Data section Block Start

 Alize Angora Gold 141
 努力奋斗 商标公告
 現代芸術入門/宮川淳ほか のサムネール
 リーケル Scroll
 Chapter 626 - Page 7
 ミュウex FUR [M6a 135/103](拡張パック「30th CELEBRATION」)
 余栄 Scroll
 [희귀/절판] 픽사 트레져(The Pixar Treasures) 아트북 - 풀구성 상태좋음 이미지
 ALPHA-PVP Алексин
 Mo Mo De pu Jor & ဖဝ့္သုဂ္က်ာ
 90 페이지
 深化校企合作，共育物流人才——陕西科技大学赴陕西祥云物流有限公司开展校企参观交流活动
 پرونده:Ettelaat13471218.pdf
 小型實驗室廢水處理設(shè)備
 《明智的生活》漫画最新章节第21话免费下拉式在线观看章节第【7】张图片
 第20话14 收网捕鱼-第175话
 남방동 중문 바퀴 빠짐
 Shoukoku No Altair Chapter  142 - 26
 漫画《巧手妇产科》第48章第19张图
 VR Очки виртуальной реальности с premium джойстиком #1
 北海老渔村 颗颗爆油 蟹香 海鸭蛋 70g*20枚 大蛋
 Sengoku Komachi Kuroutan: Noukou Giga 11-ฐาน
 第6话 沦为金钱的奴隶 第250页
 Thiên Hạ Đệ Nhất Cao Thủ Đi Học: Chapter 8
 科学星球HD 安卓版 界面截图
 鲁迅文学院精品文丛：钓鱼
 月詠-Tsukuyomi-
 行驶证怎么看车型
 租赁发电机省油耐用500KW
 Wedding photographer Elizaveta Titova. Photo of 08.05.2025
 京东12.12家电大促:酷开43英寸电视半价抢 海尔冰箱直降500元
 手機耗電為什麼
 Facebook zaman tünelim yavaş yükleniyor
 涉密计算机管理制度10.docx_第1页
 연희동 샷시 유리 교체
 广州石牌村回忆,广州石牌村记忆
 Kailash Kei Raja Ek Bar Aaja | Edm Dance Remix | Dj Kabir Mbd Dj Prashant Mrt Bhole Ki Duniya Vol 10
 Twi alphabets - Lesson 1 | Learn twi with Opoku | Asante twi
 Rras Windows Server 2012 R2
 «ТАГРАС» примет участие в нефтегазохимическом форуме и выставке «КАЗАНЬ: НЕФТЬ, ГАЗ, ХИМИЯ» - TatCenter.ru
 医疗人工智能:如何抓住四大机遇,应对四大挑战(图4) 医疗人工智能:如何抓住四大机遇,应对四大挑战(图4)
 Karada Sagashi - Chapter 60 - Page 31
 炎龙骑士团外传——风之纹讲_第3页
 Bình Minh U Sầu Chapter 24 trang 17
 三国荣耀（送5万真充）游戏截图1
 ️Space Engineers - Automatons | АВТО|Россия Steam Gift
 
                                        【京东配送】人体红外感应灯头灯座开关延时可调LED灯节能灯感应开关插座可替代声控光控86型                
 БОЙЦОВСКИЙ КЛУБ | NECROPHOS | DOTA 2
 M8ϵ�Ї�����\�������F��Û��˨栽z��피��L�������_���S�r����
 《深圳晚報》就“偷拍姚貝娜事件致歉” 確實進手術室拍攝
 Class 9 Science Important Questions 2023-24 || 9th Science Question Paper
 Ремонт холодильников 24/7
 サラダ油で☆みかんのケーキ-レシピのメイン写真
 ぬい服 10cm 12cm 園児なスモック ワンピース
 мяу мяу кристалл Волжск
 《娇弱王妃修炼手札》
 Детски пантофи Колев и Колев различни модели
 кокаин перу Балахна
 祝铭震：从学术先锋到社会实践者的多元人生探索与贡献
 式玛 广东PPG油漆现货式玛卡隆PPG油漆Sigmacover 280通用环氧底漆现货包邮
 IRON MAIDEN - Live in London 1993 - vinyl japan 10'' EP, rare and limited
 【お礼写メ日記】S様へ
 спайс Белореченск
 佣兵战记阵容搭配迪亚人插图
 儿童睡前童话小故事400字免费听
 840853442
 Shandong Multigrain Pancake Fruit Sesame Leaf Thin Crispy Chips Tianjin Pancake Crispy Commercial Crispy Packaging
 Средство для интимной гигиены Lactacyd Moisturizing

Data section Block End

-- Problem requirements --
Output the listing exactly, from first line to last.

-- Answer --
 Alize Angora Gold 141
 努力奋斗 商标公告
 現代芸術入門/宮川淳ほか のサムネール
 リーケル Scroll
 Chapter 626 - Page 7
 ミュウex FUR [M6a 135/103](拡張パック「30th CELEBRATION」)
 余栄 Scroll
 [희귀/절판] 픽사 트레져(The Pixar Treasures) 아트북 - 풀구성 상태좋음 이미지
 ALPHA-PVP Алексин
 Mo Mo De pu Jor & ဖဝ့္သုဂ္က်ာ
 90 페이지
 深化校企合作，共育物流人才——陕西科技大学赴陕西祥云物流有限公司开展校企参观交流活动
 پرونده:Ettelaat13471218.pdf
 小型實驗室廢水處理設(shè)備
 《明智的生活》漫画最新章节第21话免费下拉式在线观看章节第【7】张图片
 第20话14 收网捕鱼-第175话
 남방동 중문 바퀴 빠짐
 Shoukoku No Altair Chapter  142 - 26
 漫画《巧手妇产科》第48章第19张图
 VR Очки виртуальной реальности с premium джойстиком #1
 北海老渔村 颗颗爆油 蟹香 海鸭蛋 70g*20枚 大蛋
 Sengoku Komachi Kuroutan: Noukou Giga 11-ฐาน
 第6话 沦为金钱的奴隶 第250页
 Thiên Hạ Đệ Nhất Cao Thủ Đi Học: Chapter 8
 科学星球HD 安卓版 界面截图
 鲁迅文学院精品文丛：钓鱼
 月詠-Tsukuyomi-
 行驶证怎么看车型
 租赁发电机省油耐用500KW
 Wedding photographer Elizaveta Titova. Photo of 08.05.2025
 京东12.12家电大促:酷开43英寸电视半价抢 海尔冰箱直降500元
 手機耗電為什麼
 Facebook zaman tünelim yavaş yükleniyor
 涉密计算机管理制度10.docx_第1页
 연희동 샷시 유리 교체
 广州石牌村回忆,广州石牌村记忆
 Kailash Kei Raja Ek Bar Aaja | Edm Dance Remix | Dj Kabir Mbd Dj Prashant Mrt Bhole Ki Duniya Vol 10
 Twi alphabets - Lesson 1 | Learn twi with Opoku | Asante twi
 Rras Windows Server 2012 R2
 «ТАГРАС» примет участие в нефтегазохимическом форуме и выставке «КАЗАНЬ: НЕФТЬ, ГАЗ, ХИМИЯ» - TatCenter.ru
 医疗人工智能:如何抓住四大机遇,应对四大挑战(图4) 医疗人工智能:如何抓住四大机遇,应对四大挑战(图4)
 Karada Sagashi - Chapter 60 - Page 31
 炎龙骑士团外传——风之纹讲_第3页
 Bình Minh U Sầu Chapter 24 trang 17
 三国荣耀（送5万真充）游戏截图1
 ️Space Engineers - Automatons | АВТО|Россия Steam Gift
 
                                        【京东配送】人体红外感应灯头灯座开关延时可调LED灯节能灯感应开关插座可替代声控光控86型                
 БОЙЦОВСКИЙ КЛУБ | NECROPHOS | DOTA 2
 M8ϵ�Ї�����\�������F��Û��˨栽z��피��L�������_���S�r����
 《深圳晚報》就“偷拍姚貝娜事件致歉” 確實進手術室拍攝
 Class 9 Science Important Questions 2023-24 || 9th Science Question Paper
 Ремонт холодильников 24/7
 サラダ油で☆みかんのケーキ-レシピのメイン写真
 ぬい服 10cm 12cm 園児なスモック ワンピース
 мяу мяу кристалл Волжск
 《娇弱王妃修炼手札》
 Детски пантофи Колев и Колев различни модели
 кокаин перу Балахна
 祝铭震：从学术先锋到社会实践者的多元人生探索与贡献
 式玛 广东PPG油漆现货式玛卡隆PPG油漆Sigmacover 280通用环氧底漆现货包邮
 IRON MAIDEN - Live in London 1993 - vinyl japan 10'' EP, rare and limited
 【お礼写メ日記】S様へ
 спайс Белореченск
 佣兵战记阵容搭配迪亚人插图
 儿童睡前童话小故事400字免费听
 840853442
 Shandong Multigrain Pancake Fruit Sesame Leaf Thin Crispy Chips Tianjin Pancake Crispy Commercial Crispy Packaging
 Средство для интимной гигиены Lactacyd Moisturizing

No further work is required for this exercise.